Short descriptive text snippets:

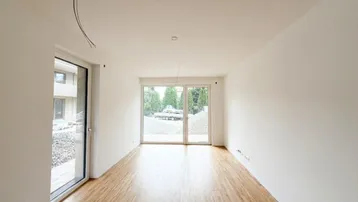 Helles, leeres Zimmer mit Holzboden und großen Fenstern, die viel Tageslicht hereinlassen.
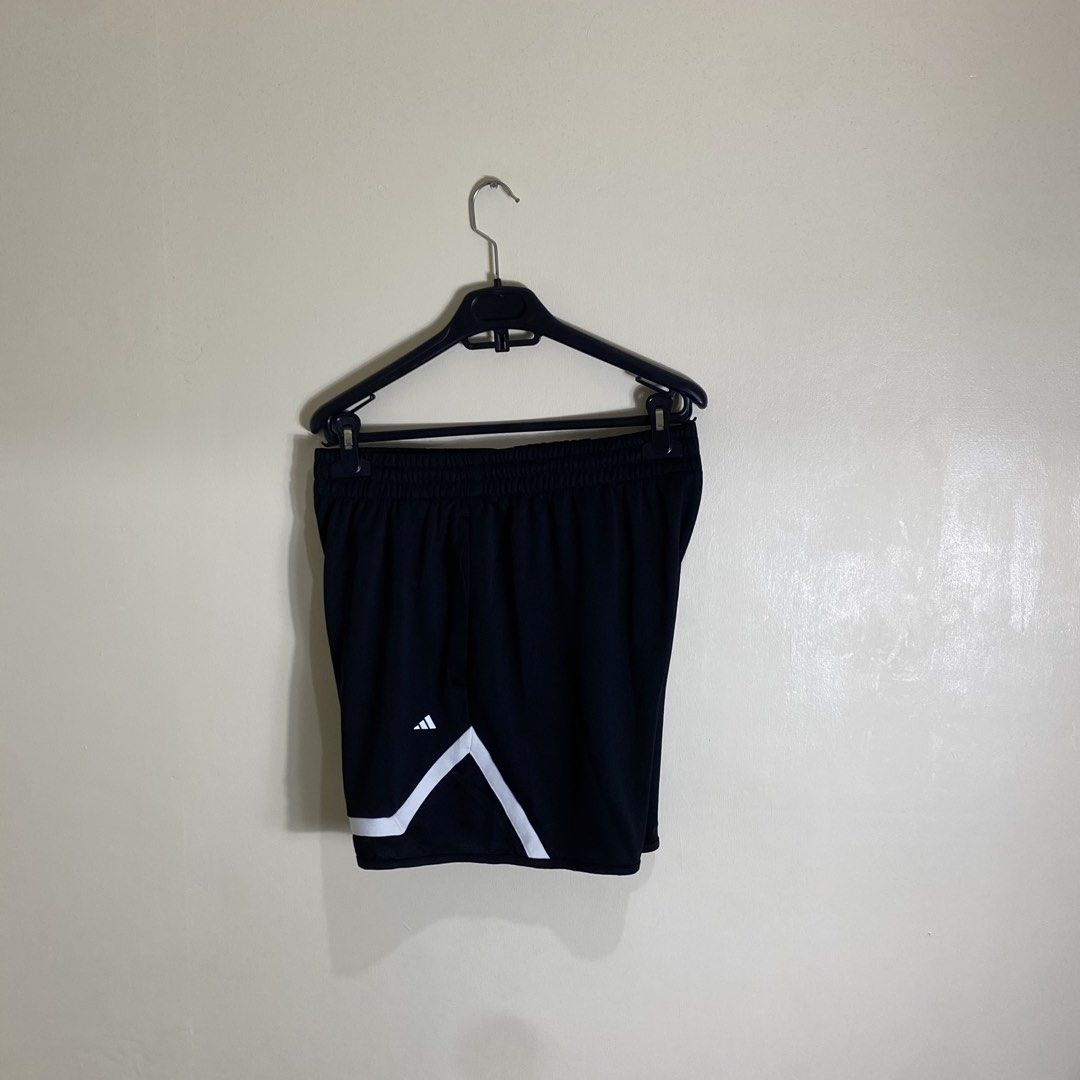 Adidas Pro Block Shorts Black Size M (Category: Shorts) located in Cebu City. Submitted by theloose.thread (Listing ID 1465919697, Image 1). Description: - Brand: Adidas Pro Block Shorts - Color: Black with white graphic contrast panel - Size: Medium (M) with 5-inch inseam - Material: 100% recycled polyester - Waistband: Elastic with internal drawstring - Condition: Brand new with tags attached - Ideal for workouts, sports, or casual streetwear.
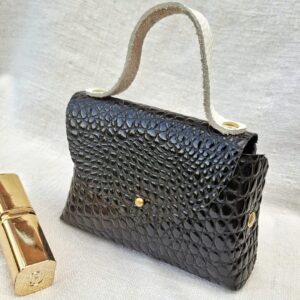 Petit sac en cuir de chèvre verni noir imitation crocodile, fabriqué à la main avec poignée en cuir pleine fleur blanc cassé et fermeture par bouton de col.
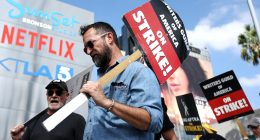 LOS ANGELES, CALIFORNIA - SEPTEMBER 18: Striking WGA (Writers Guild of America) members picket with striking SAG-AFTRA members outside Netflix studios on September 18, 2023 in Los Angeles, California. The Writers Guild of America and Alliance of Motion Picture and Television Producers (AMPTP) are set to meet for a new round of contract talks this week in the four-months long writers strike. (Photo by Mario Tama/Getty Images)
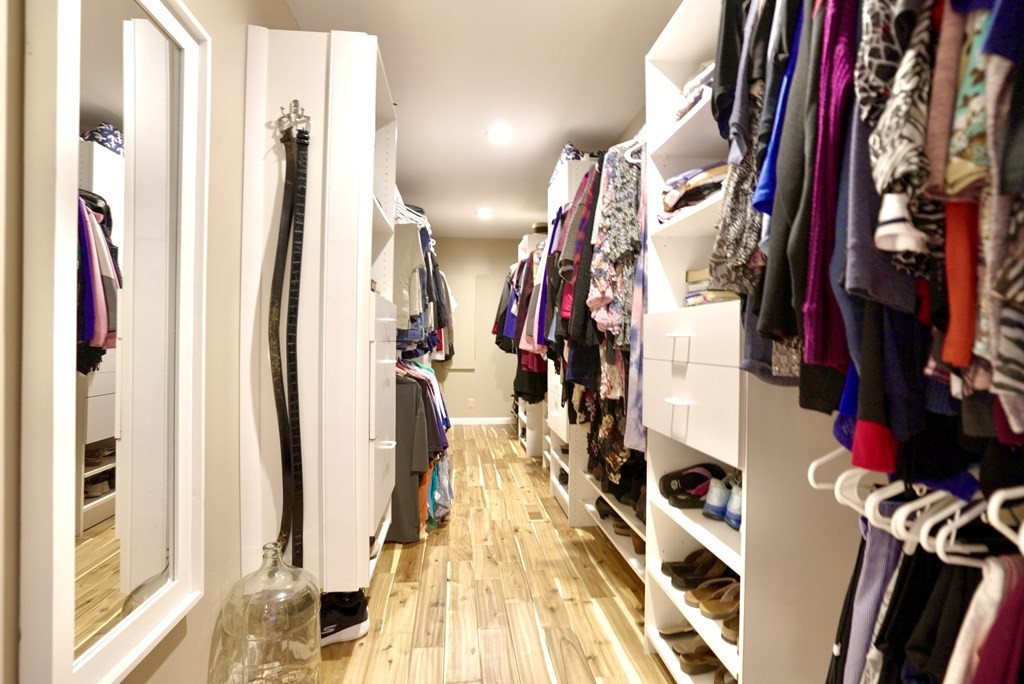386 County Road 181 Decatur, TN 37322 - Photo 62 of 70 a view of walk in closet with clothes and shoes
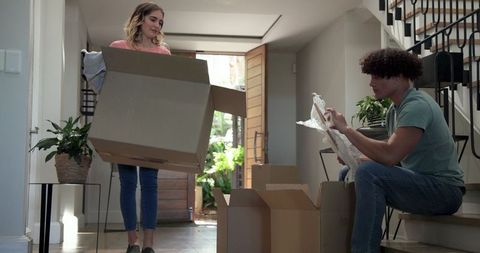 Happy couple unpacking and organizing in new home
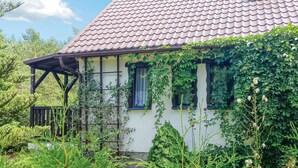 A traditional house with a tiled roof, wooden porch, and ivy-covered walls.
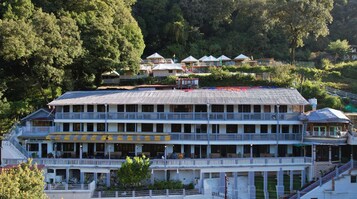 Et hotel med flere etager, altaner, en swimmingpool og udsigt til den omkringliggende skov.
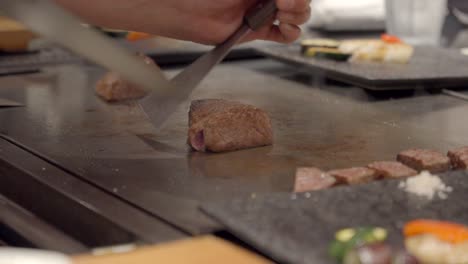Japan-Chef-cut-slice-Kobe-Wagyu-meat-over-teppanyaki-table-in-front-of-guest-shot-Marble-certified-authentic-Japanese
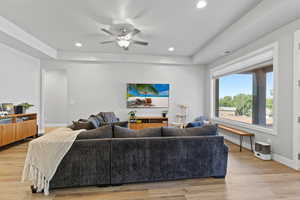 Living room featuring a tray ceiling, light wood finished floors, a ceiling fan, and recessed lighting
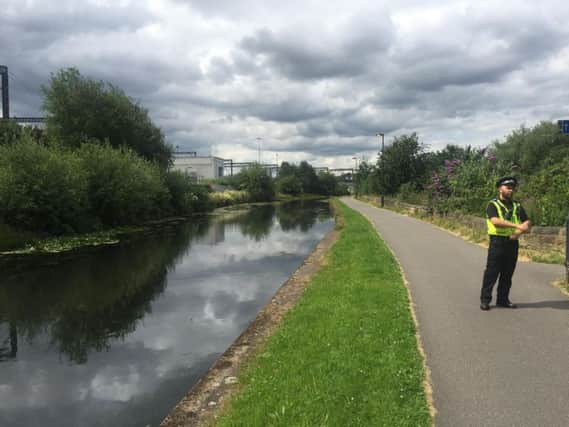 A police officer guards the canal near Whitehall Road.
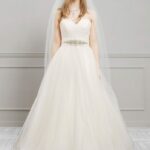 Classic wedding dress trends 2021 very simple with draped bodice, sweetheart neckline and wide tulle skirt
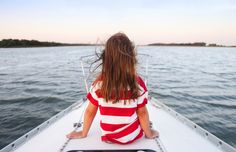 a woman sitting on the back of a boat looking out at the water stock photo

* * *

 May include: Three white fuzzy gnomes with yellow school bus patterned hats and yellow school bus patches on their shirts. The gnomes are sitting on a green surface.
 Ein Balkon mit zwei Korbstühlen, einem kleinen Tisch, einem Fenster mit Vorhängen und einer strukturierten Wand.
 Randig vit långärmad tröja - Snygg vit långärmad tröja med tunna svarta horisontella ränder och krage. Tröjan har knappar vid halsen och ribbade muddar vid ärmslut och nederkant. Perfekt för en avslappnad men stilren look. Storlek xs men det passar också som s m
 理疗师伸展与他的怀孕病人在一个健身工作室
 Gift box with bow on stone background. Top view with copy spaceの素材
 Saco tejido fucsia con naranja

Problem statement: Of the entries listed above, reproduce only the lines starting at the line containing "理疗师伸展与他的怀孕病人在一个健身工作室" and ending at the line containing "Saco tejido fucsia con naranja". Include both, exactly as they stand.

Your solution:
 理疗师伸展与他的怀孕病人在一个健身工作室
 Gift box with bow on stone background. Top view with copy spaceの素材
 Saco tejido fucsia con naranja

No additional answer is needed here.